Les observateurs auront également noté la divergence d’approche entre une grande confédération, dont le secrétaire général est plutôt conciliant avec le Gouvernement, et sa branche cheminote, contrainte au grand écart entre cette attitude et une autre, plus rigide, qu’inspire légitimement le comportement odieux du Gouvernement.
Quelle issue pour ce conflit ?
Certains observateurs affirment que le Gouvernement souhaiterait l’éclatement du front syndical, et que, pour ce faire, il tiendrait à obtenir les bonnes grâces des « accompagnants ». En réalité :
- Le front syndical n’a jamais été uni, les plus gros syndicats persistant à pratiquer la division malgré l’ampleur des enjeux.
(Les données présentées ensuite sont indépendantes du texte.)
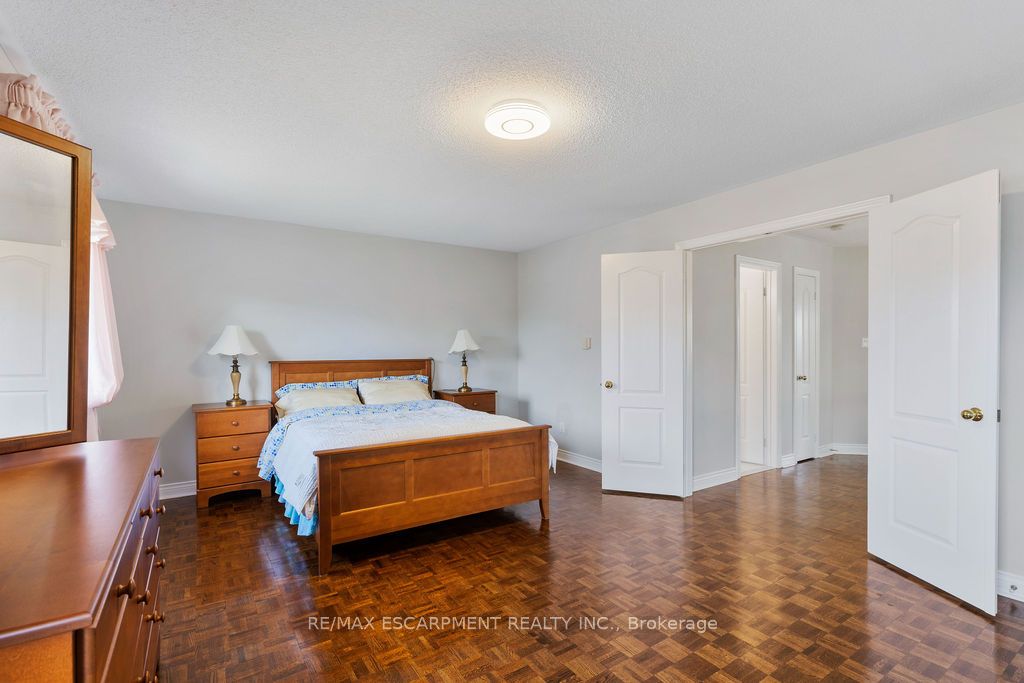 5100 Fallingbrook Drive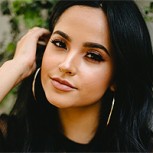 Becky G mostró la mascarilla verde que usa para cuidar su piel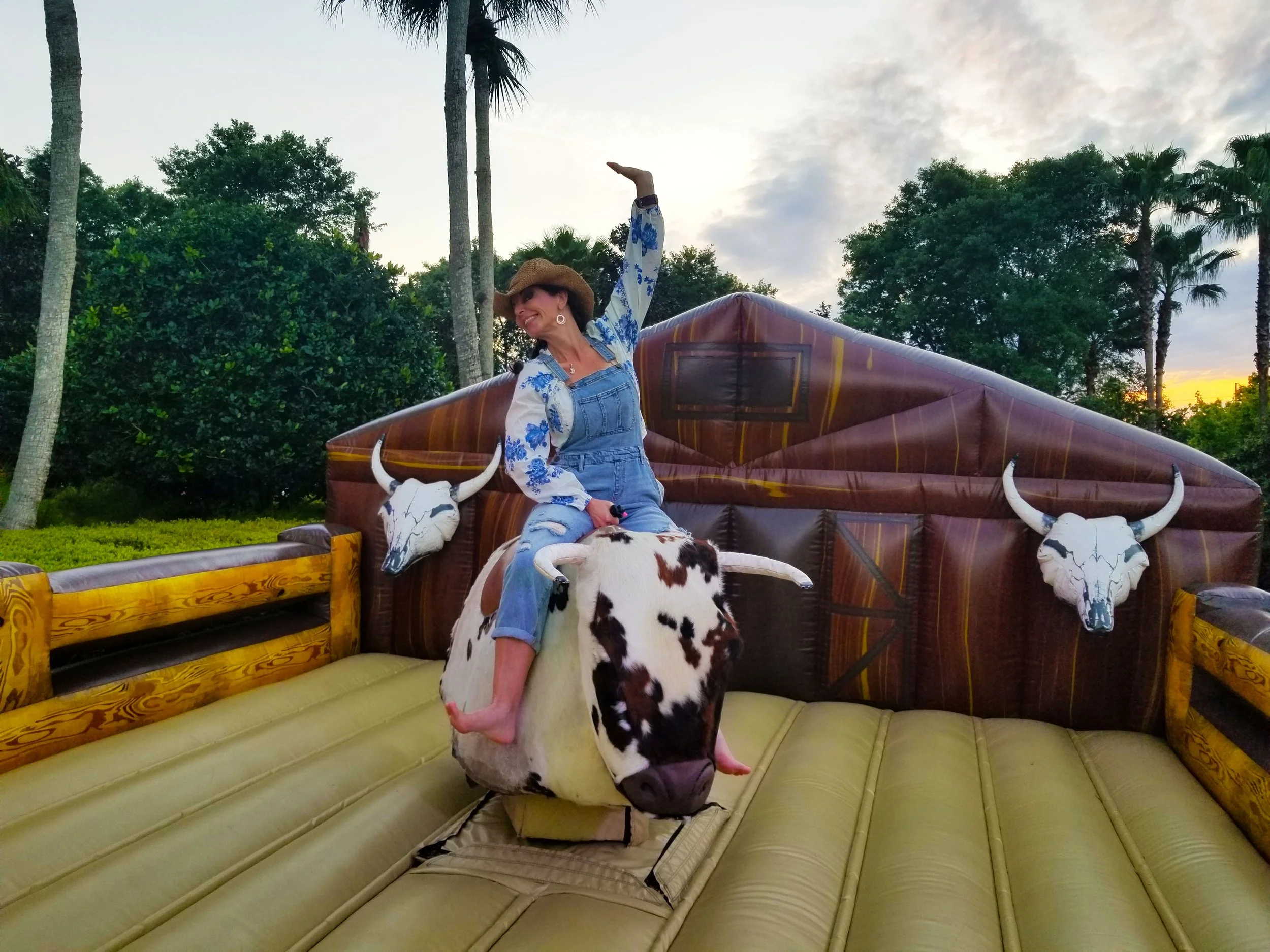Fotoboyz_Events_2025_Services_Inflatable_Games_Mechanical_Bull_Alligator_003.jpg
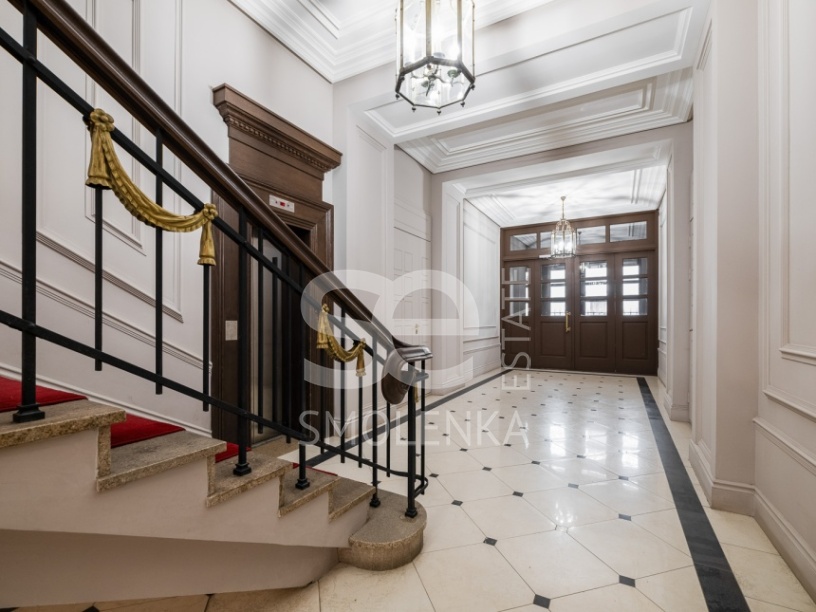 Аренда квартиры, площадь 225 кв.м., 5 этаж, Романов пер, 5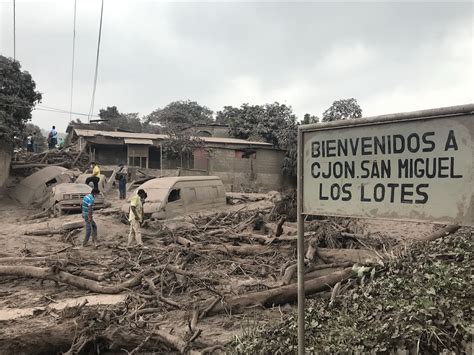 Emisoras Unidas Volcán de Fuego destruyó 186 casas y están en riesgo 750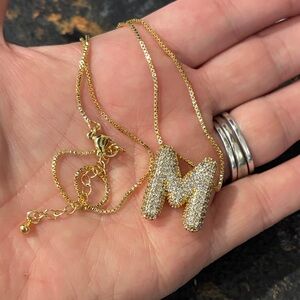 NWOT costume gold bubble 'M' pendant necklace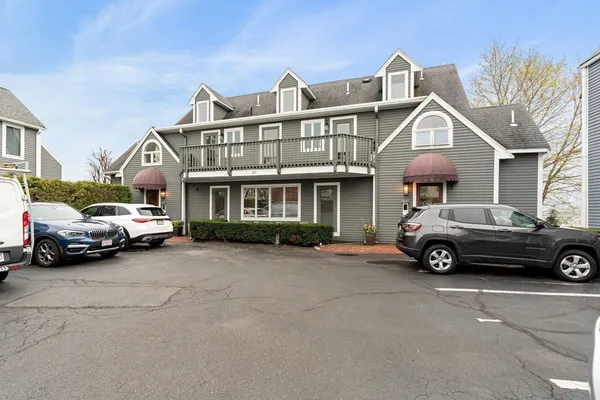 $750,000 | 57 Front Street, Unit 2, Beverly, MA 01915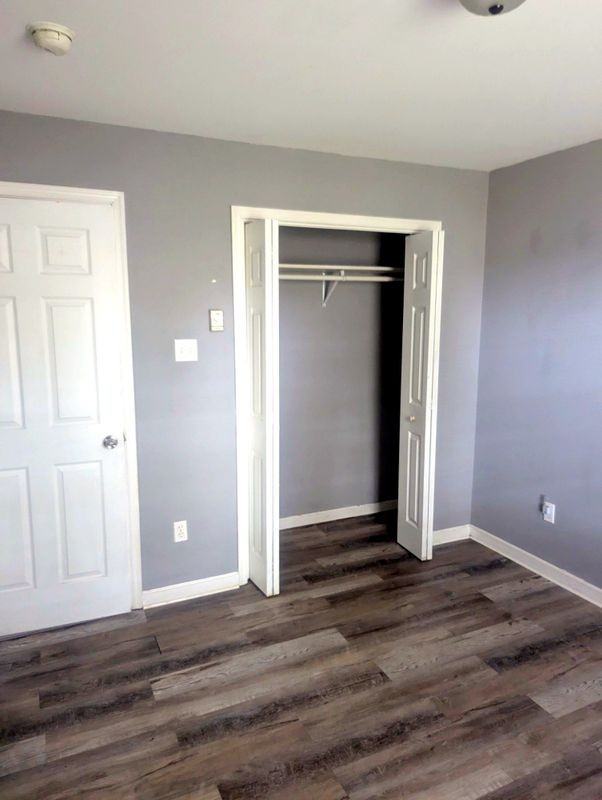 503B Kingwood St - Photo 6 of 8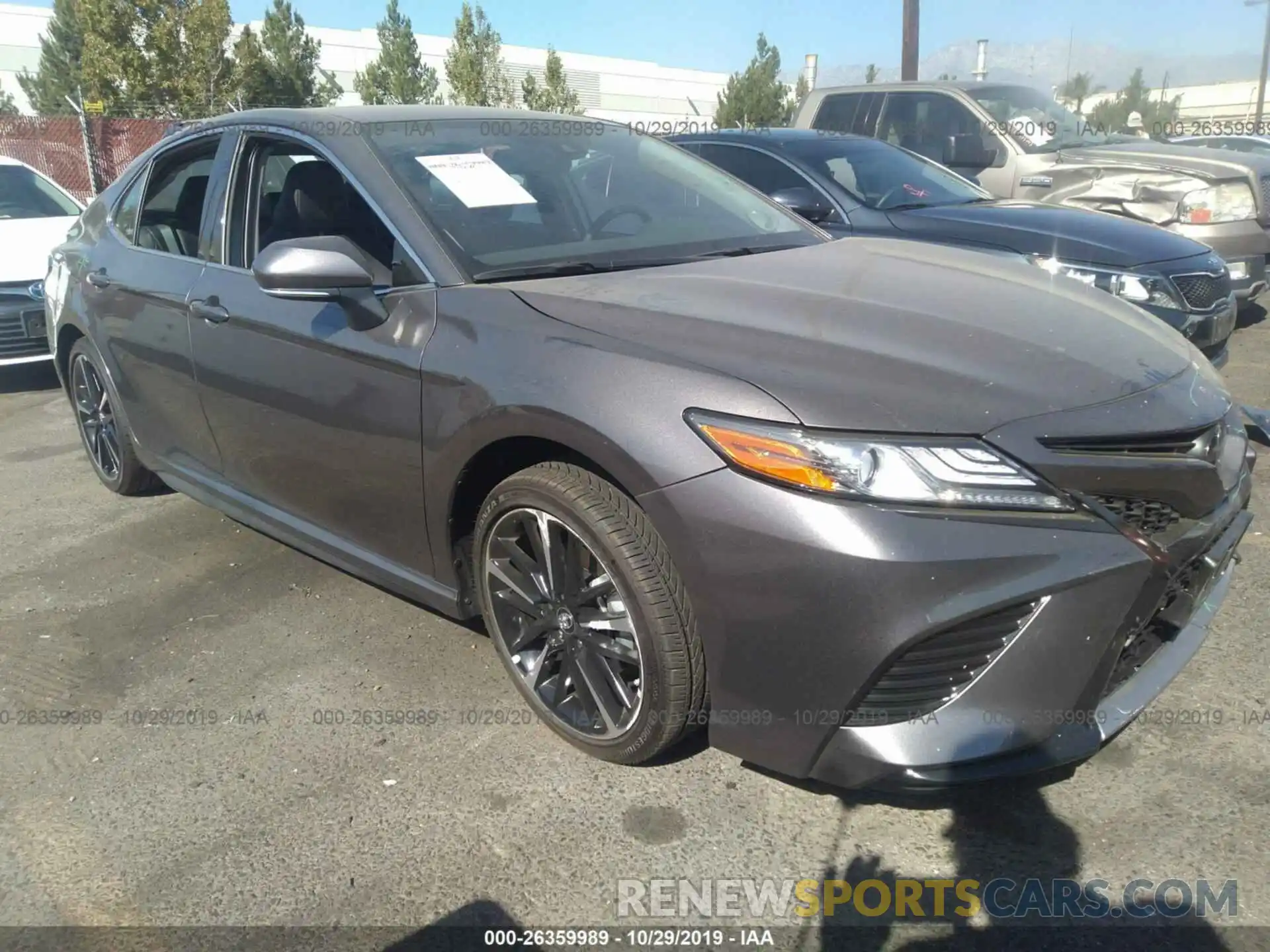 1 Photograph of a damaged car 4T1B61HKXKU842905 TOYOTA CAMRY 2019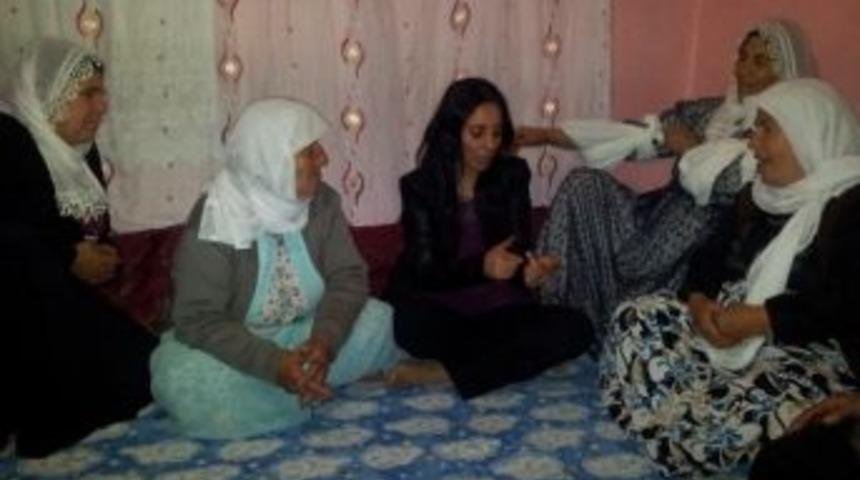 Ak Parti Şırnak İl Kadın Kolları Heyeti, Kapı Kapı Se&ccedil;im &Ccedil;alışması Yapıyor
En revanche, l’union s’est réalisée sur le terrain, entre cheminots dans l’action.
- La volonté du Gouvernement d’écraser les syndicats, quelles que soient leurs tendances, est manifeste. Il n’aurait à ce stade aucun intérêt à changer de stratégie.
- Comme déjà écrit, avant même le lancement de cette réforme, les enjeux ne sont pas ferroviaires mais égotiques et politiques. Face à la volonté d’un homme de cultiver son image et de promouvoir le libéralisme, aucune perspective de négociation n’est à espérer… Sauf si un réel rapport de force s’imposait. De part et d'autre, chacun aura donc tendance à camper sur ses positions. Jusque quand ?
Dans ce contexte, l’action toujours menée par les cheminots relève d’un combat du pot de terre contre le pot de fer. Bien malin est celui qui présagera de son issue. Mais face au dénigrement que les salariés ont subi, face aux menaces qui pèsent sur eux et sur leur acquis, leur réaction est légitime. Un peu comme celle d’un peuple, qui même en infériorité numérique se battrait contre l’envahisseur, ou celle d’un individu qui feraient face, seul contre tous, à l’injustice qu’il subit.
Parfois, le vent tourne. Les circonstances remettent les arrogants à leur place. L’Histoire juge alors ceux qui ont été fidèles et ceux qui ont trahi. A bon entendeur.